Confessions of a Moo

Aimless Ramblings of a Distracted Mind..

Thursday, March 18, 2004

im sorry.

i didnt want to do it. i really really REALLY didnt. but after that one slip, i realized that i havent really come to terms with it, after all. and i know that i said that i wanted things to get back to normal, as soon as possible. but.. i was wrong. i feel terrible about telling you that i want one thing, and then changing my mind. maybe that malice wasnt totally misdirected.

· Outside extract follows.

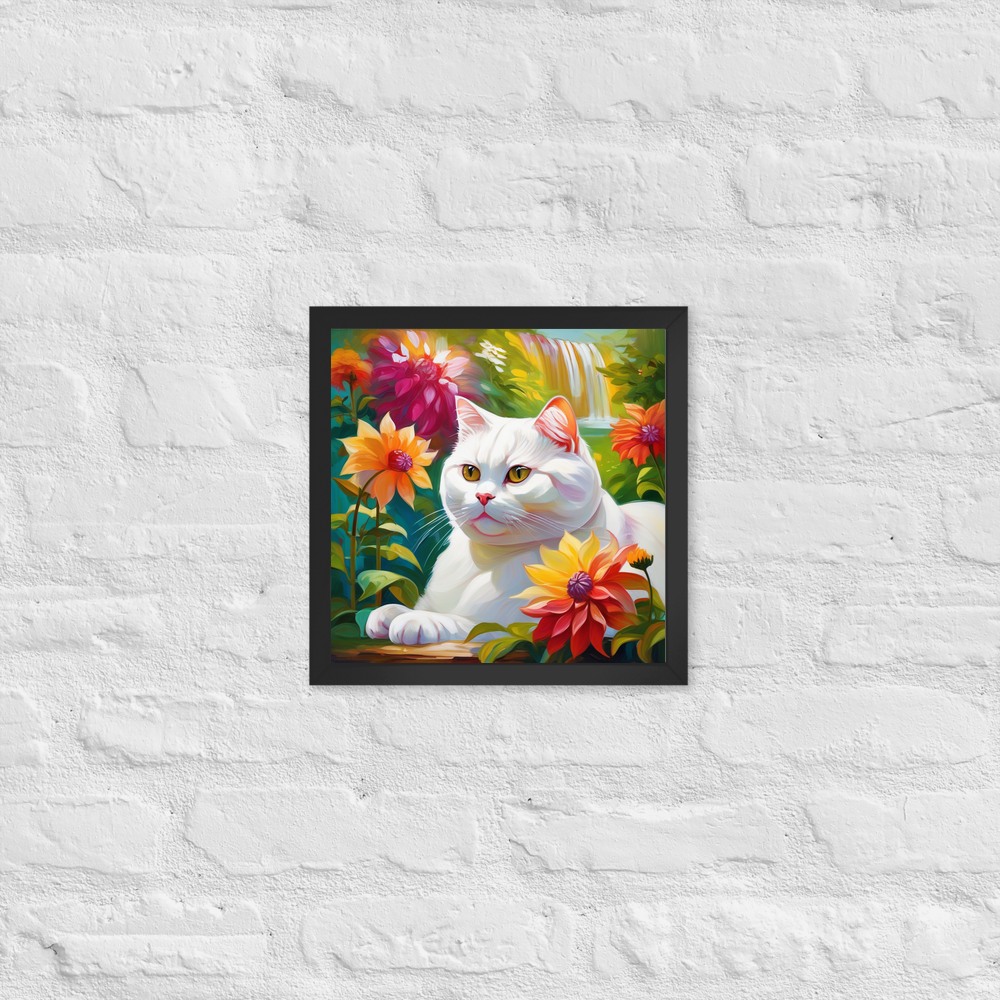 PugMug Custom White British Shorthair Cat Framed Print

i wish i wasnt, but im still hurting.. and im going to need some time to deal with that before i can act as though everything's okay. this is not to say that im going to avoid you altogether, or that i dont want to see you, or that i dont want to talk to you.. i just cant do what we were doing today.. it's too soon to go back to the routine.. you checking to see if i've gone to class, nagging me to eat, seeing through my procrastination schemes... it was so familiar.. which is why i slipped. the instant i wrote it, i realized what i had done, and i was mortified, but it was too late. if i could take it back, i would. but i cant. and i cant promise that it wont happen again, unless i take some time to heal.

im not going to block you. i dont want to cut you out. we might have things to talk about soon. maybe not. please dont think that this is an indication of my not being open to conversation. i am more than ready to talk to you about anything.. as long as it's actually ABOUT something.. and not just random, aimless chatting.. im going to need a couple of days before im able to do that.

once again, im sorry. please dont be angry, or upset.